The suggested bill includes several important points,

  • Payment for Student Teachers, Qualifying student teachers could get $10,000 per semester for two back-to-back semesters.
  • Pay for Cooperating Teachers, Teachers supervising student teachers could get $2,000 per semester at the same time.
  • Program Management, The Illinois Board of Higher Education would manage the program and control how money is distributed.
  • Costs of the Program, to run this program it is estimated it would cost about $68 million.

Goals of the Program

Rep. Hernandez explained why this program is necessary and stressed how internships for teaching students were not paid and required many hours. “They work many hours on this internship which they don’t get paid for and receive nothing from,” said Hernandez. “This program could help them.”

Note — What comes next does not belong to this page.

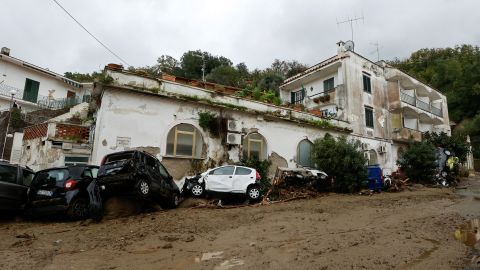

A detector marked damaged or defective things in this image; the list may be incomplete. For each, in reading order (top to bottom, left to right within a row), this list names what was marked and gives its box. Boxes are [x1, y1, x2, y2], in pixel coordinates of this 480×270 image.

damaged car [27, 165, 102, 219]
damaged car [97, 151, 180, 208]
damaged car [183, 166, 262, 201]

The House approved the bill on May 14 and it’s now going to be looked at by Senate, but whether or not lawmakers will give enough funding determines if it will succeed.

 

Financial Obstacles and Legal Challenges

Funding for this pay for student teachers plan is still unknown even though the House approved it. Its start depends on funds in the budget, which makes it more difficult. Rep. Fred Crespo, D-Hoffman Estates, expressed doubts during the House discussions and called the proposal an “empty promise” that could bring about a “false hope.”

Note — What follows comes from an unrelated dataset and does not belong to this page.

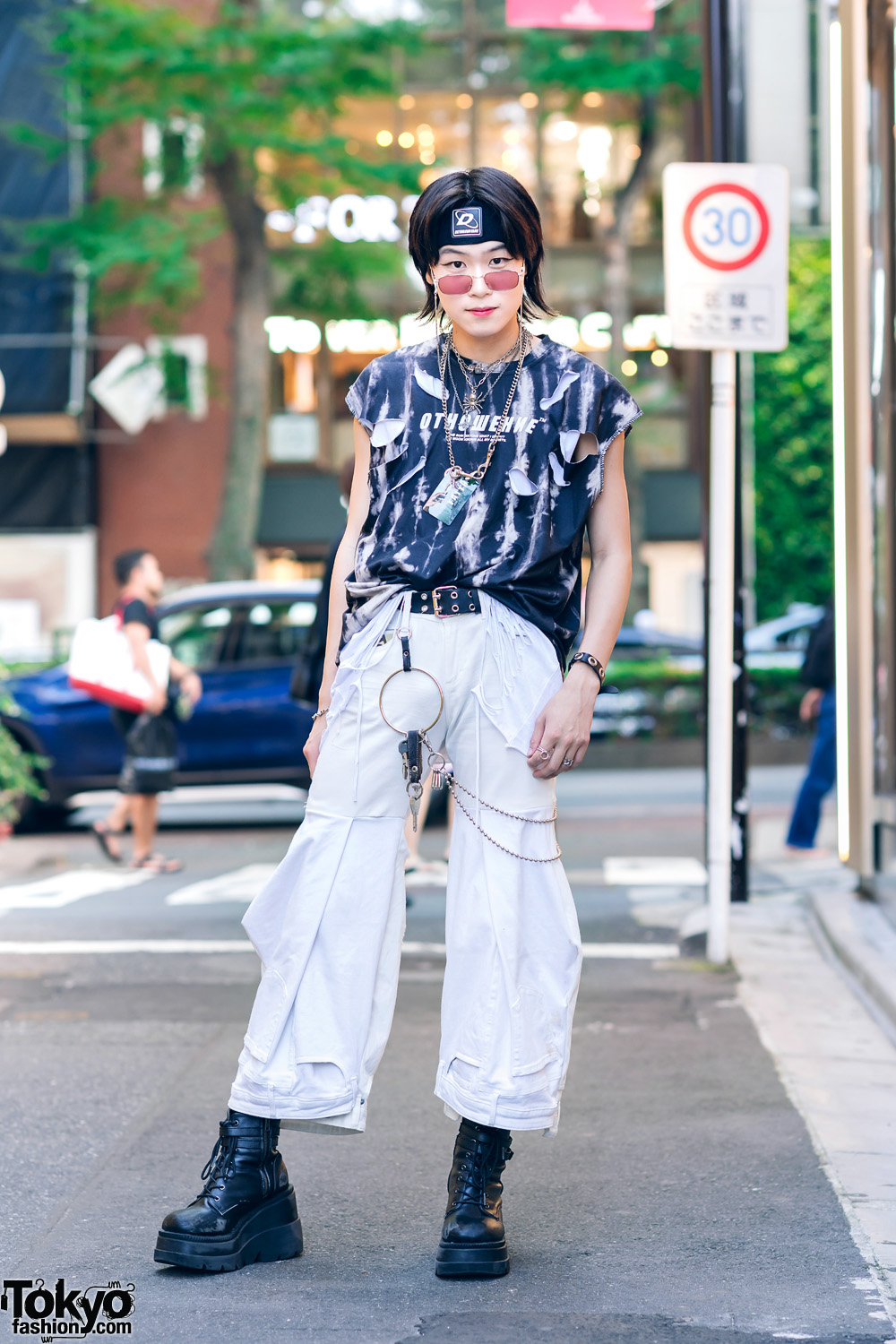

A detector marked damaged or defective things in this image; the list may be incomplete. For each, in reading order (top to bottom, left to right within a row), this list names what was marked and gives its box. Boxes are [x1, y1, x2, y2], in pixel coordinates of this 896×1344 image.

torn hole in shirt [416, 368, 445, 398]
torn hole in shirt [539, 371, 582, 411]
torn hole in shirt [510, 468, 539, 500]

Crespo, who backed the law, stressed that budgeting for new initiatives needs wider planning. He said, “Creating a line item puts pressure on the budget and creates an empty promise that just brings false hope.”

 

Comparing to Other States

The proposal could put Illinois in line with nine other states with paid student teaching initiatives. As prior social studies teacher, Rep. Laura Faver Dias stated these aids are crucial. She mentioned many teaching students really struggle to finish internship periods which prevents them from receiving their license.

 

Program Expenses

This initiative’s $68 million forecasted annual cost presents significant challenge. This potential financial obligation concerns law makers considering other unfunded projects. For instance, last Spring saw approval of laws offering free breakfast and lunch facilities for all school students but didn’t fund them.

 

Implications for State Budget

There is no allocation for student teacher stipends or other recent educational aid like free lunches in Governor J.B Pritzker’s anticipated budget for next fiscal year. Concurrently lobbying is on by different concerned groups asking for additional funding including a campaign requesting $209 million addition to free school meals next year budget.

 

Reactions from Education Sector

Brett Montalbano supports this pay program. He is studying teaching at National Louis University and also works as a Teaching Assistant. “Studying takes time and students miss out on potential earnings”

 

Next stages

Now the bill waits for Senate’s decision. Its approval might encourage other states looking for answer to teacher’s deficit. The truth is there are no guarantees in funding hence the future of this program remains unsure.

 

In a nutshell

  • House Bill 4652 hopes to introduce a pay program for teacher students in Illinois.
  • Financial Assistance, Teacher students could get $10,000 per semester and supervising teachers $2,000 per semester.
  • Cost of Program, it might cost around $68 million per year
  • Legal Hurdles, Availability of required funds will determine success of the program.
  • Initiatives Elsewhere, Putting Illinois on par with other states offering paid teaching programs.
  • Implication on Budget, Possible extra pressure on state budget calls for good financial planning

 

Finally

The suggested program attracted support and had potential solution to overcome deficiency of teachers in Illinois, but it indeed faces significant financial challenges. The result will depend on if lawmakers can arrange funds needed to turn this suggestion into reality.

Celina Brooks https://www.southcountymail.com

Celina Brooks from Mussoorie is a Writer & Researcher. She earned her Engineering degree in IT from Rutgers University. She is a technology enthusiast but loves writing and talking about local news as well. She is a jolly person with 2 children.